Think about the end of the best film ever made. Marty gets home, his family are awesome, but he doesn’t know anything. Now, play that through, for just a few days.
A family has shared memories, traditions and ways of doing things, often subtle but incredibly powerful.
How long would it be before the McFly family got seriously worried about clueless Marty?
Yeah, that’s why they didn’t go into that.
It would scare the kids.
I stare at the book of my life and finally turn to ‘PJ the Recent Years’.
He was, therefore I am:
Successful and financially solid (er, quite loaded)
A landlord (!)
The owner of multiple properties (WTF!!)
Allowing Martin to run the property portfolio (!!!!!!)
Wait, what?

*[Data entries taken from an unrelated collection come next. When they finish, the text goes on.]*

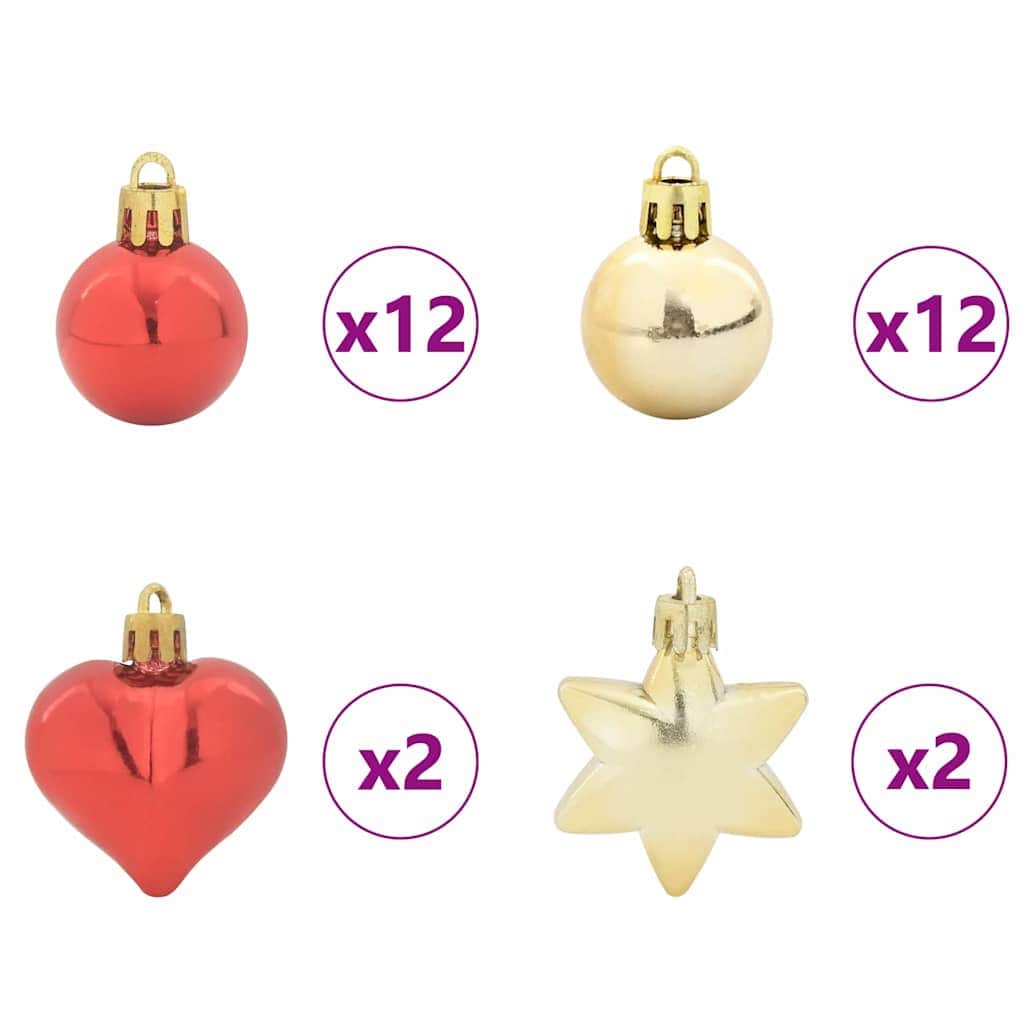 Compact Christmas Bauble Set 40 pcs Gold and Red - Designer Finish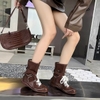 Giày boot cao cổ dây buộc phối khóa phong cách retro cổ điển_B01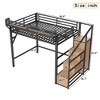 Lycvki Black Metal Loft Bed Frame with Storage Stairs, Shelves and Built-in Wardrobe - 4 of 4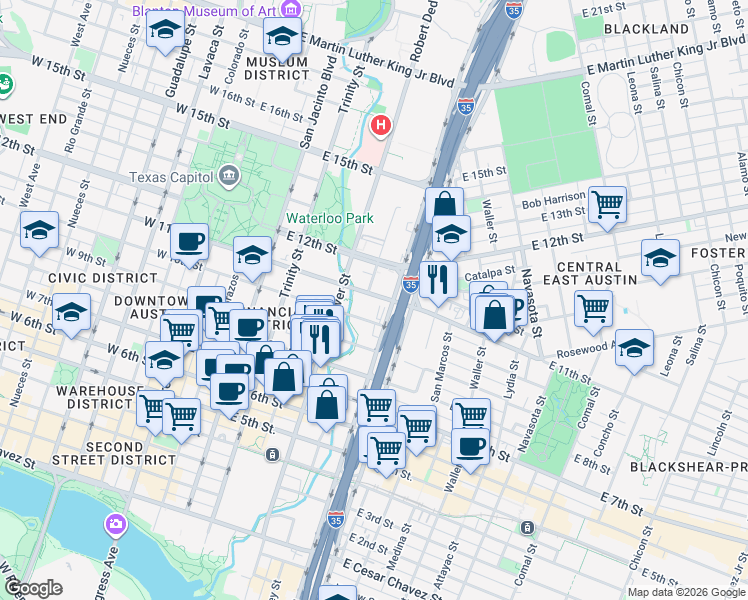 map of restaurants, bars, coffee shops, grocery stores, and more near 701 East 11th Street in Austin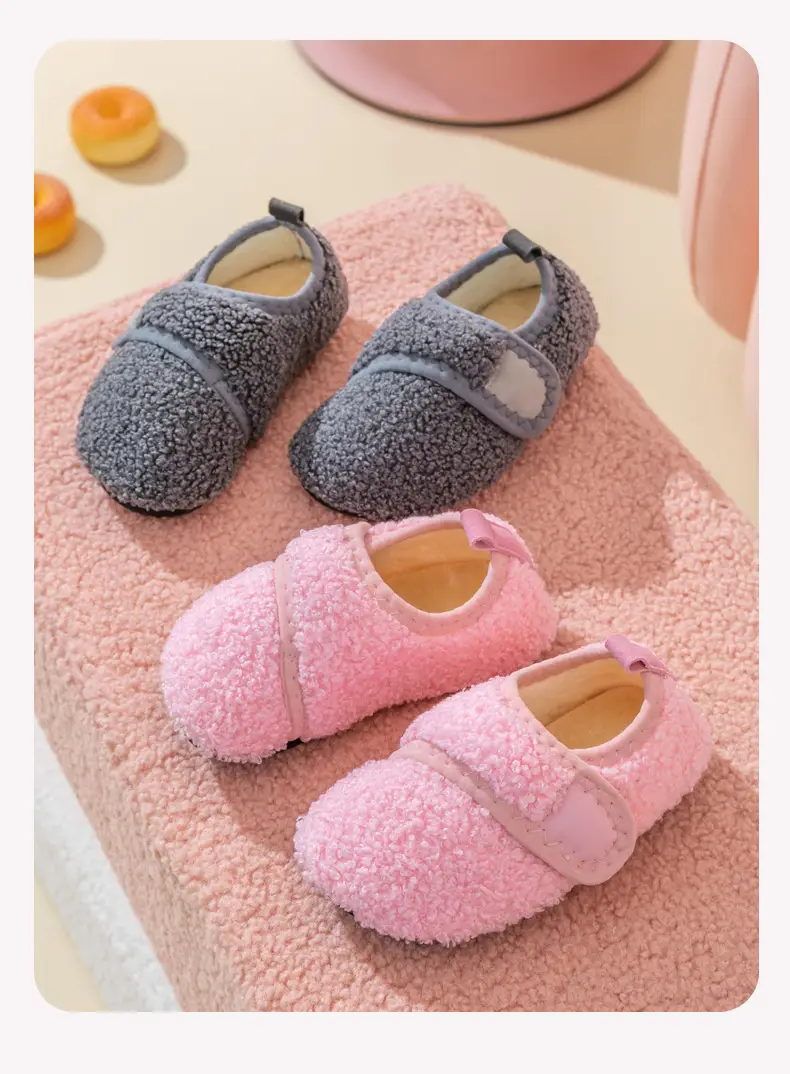Parent-Kids Floor Shoes, Autumn and Winter Thickeneded Kidsren's Cotton Slippers, Cool and Non-Slip Toddler Soft-Soled Couple's Velvet Floor Socks — feature 9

Martin!
Jeez...
In my previous life, Martin was my annoying accountant and a royal thorn in my arse. I haven’t seen him since I got back. I don’t know what our relationship is like now but I can imagine it will be similar. In fact, I can imagine him playing different characters on multiple timelines, bollocking me across time forever and ever, Amen.
I place the book down. There’s only so much you can take in one sitting. Read too much in one go, you’re going to puke, like Neo in The Matrix.
And by you, I mean me.
Chapter Five
Is that the muffled tones of Billy Idol I hear? ‘Hey, little sister, what have you done?’ I quickly trace the source of the sound to the desk drawer. Pulling it open, I find Previous Joe’s mobile phone. I grab it with the intention of turning off this nerve-jangling racket, but I notice the person calling has the nickname ‘Little Sis’, so I decide to pick up.
‘Hello?’ I say cautiously.
‘Hi, Joe,’ she says brightly. ‘It’s me, Amy.’
For so many years, Amy was a ghost to me. Her timeline came to an end when she was a child; mine continued and I took her memory with me. But I always thought of her as I’d last known her, as a little girl.
Now, as I hear Amy’s adult voice, the voice of this 30-year-old woman, I find myself working hard to adjust. You have to remember that only a week ago I was persuading my baby sister to be careful as she travelled through time. Now she’s here, grown up, with a life. She drives, she has a job, she’s a woman. I will never get used to having Amy back. And I will never take it for granted.
‘How are you settling in?’ she asks. She waits for a beat. ‘Are you there, Joe?’
I take a deep breath and reconnect myself with the present. ‘Yep, sorry, I’m here. I’m fine. There’s lots to get my head around, but I’m okay. Are you still coming over?’
‘That’s why I was calling,’ she replies. ‘I’m going to be a bit delayed. I should still be there by seven, I hope… Maybe we could get some food?’
Dinner with my sister. ‘That sounds good.’
‘How’s it going with your book? Have you been reading it?’ she asks.
‘Er, yeah, I have…’ I pause, searching for the right words.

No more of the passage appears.